Seeking to raise awareness about its computer appliance in the life sciences and other industries, YarcData, a spinoff from supercomputing firm Cray, launched a challenge last June that offered contestants a chance to use uRiKA, its graph analytics appliance, in their research projects.
The company selected six research groups to have access to their system and to compete for cash prizes totaling $100,000. Earlier this month, they announced that the Institute for Systems Biology won first place and a $70,000 cash prize for using the system to research opportunities to repurpose existing cancer drugs.
Second place and a $13,000 cash prize was awarded to researchers at the University of California, Santa Barbara for a project investigating the causes of autism; and third place and $8,000 went to a team at the University of Washington that used uRiKA to predict cardiovascular patients' risk and mortality in the month following a heart attack. The remaining three finalists who worked on projects in crime, sports performance, and social network analysis received $3,000 prizes for their entries.
Pleasanton, Calif.-based YarcData opened its doors officially last February. In an interview with BioInform this week, company representatives said that the company spun out from Cray because it offers a product and operates a business model that’s different from its parent.
Misti Lusher, YarcData's director of marketing, explained that unlike Cray, which markets large, costly supercomputers to large research institutions and government entities, YarcData offers a much smaller, cheaper, and more user-friendly enterprise system that doesn’t require as much IT expertise and fits easily into customers' data centers.
Furthermore, uRiKA is aimed toward customers that want a solution that lets them solve specific problems rather than a general high-performance computing solution, explained David Anstey, YarcData's global head of life sciences.
uRiKA provides between 2 terabytes and 512 terabytes of shared memory, multithreaded graph processors supporting 128 threads per processor, and a semantic database that represents data as triples and makes it easier to see associations between data. The system supports ad hoc queries, pattern-based searches, and inferencing, and it also accepts and incorporates new data into existing graphs. It complements existing data warehouse or Hadoop clusters? by offloading graph workloads and interoperating within a customers' existing analytics workflow.
YarcData offers two purchasing models for uRiKA. Customers can either buy a system or they can pay for an annual or multi-year subscription that will offer on-premise access to the system for the duration of the subscription.
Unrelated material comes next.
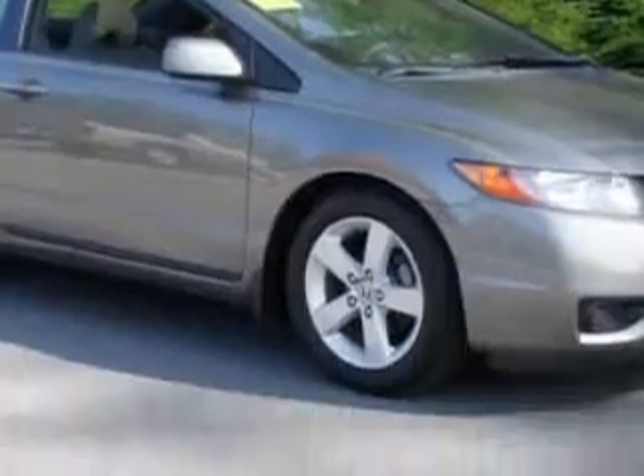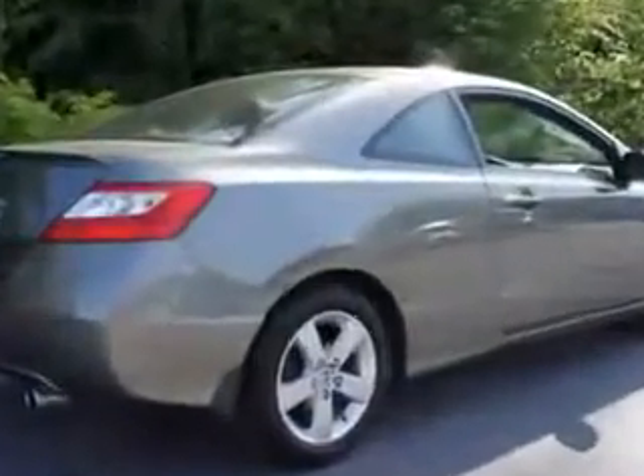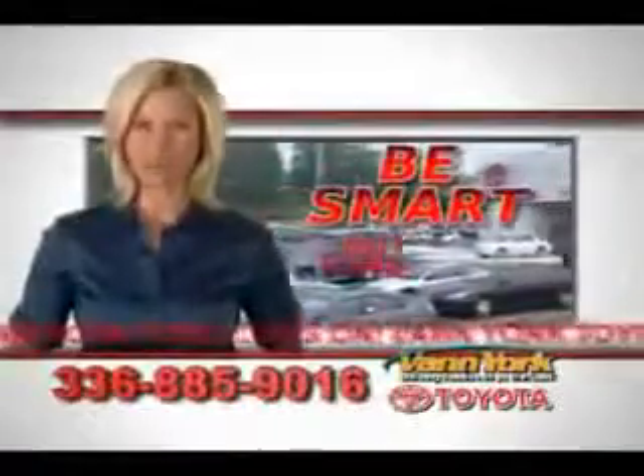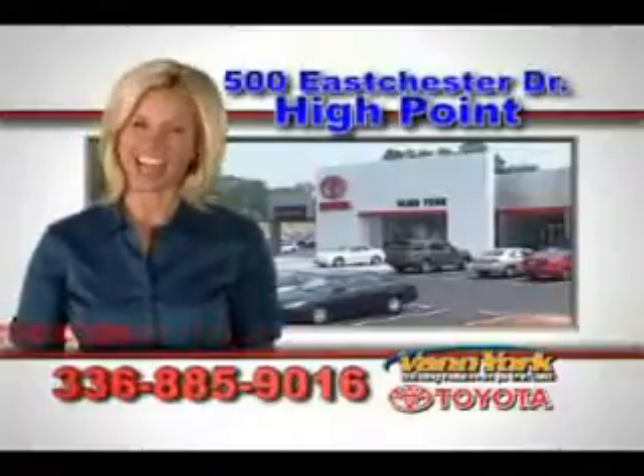Enjoy the drive and a peace of mind in this 08 Honda Civic. See us at Van York Toyota today. Be smart and buy now at Van York Toyota — Van York, building relationships that last.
The latter option is likely to appeal to small and mid-sized pharmaceutical companies who may not have the capital to pay full price for a system, as well as academic centers whose expenditure is determined by grant funding. It could also appeal to organizations looking to test the utility of the system before making a commitment, the company said.
YarcData did not disclose specific price points for either option although Anstey did tell BioInform that the pricing will vary depending on the size of the machine and customers specifications.
Although it's only just dipped its toe into the space, YarcData believes that sales to life sciences-based institutions and companies will ultimately make up a large portion of its business where customers are seeking compute power combine and analyze large datasets from multiple sources.
It will have to compete with hardware vendors such as SAP and Oracle who also offer compute appliances that they say can help researchers analyze large datasets.
However, YarcData believes that its graph-based approach to analysis can compete well with these solutions — which use different underlying approaches — because it provides users with a graphical representation of the connections in their data making it easier to see unknown associations. They can also update these graphs with new data as it becomes available, all of which helps researchers generate and test or revise their hypothesis faster.
It also says that uRiKA is much cheaper than other big data computing solutions which should make it more attractive for budget-conscious customers.
The company also believes it can outcompete hardware firms that offer graph-based analytics appliances because its solution is much more scalable.
"The problem with graph analytics is that there has never really been technology that could scale" to handle very large amounts of data, Lusher said. "We built this appliance purposely to deal with graphs in a very scalable fashion."
Also, YarcData began developing its solution about four years ago which gives it at least an 18-month lead over other appliance vendors that are looking into the space, she said.
In addition to life sciences, YarcData has customers in financial services and government. Customers include the Canadian and United States governments, Mayo Clinic, Noblis, Pittsburgh Supercomputing Center, and Sandia National Laboratories.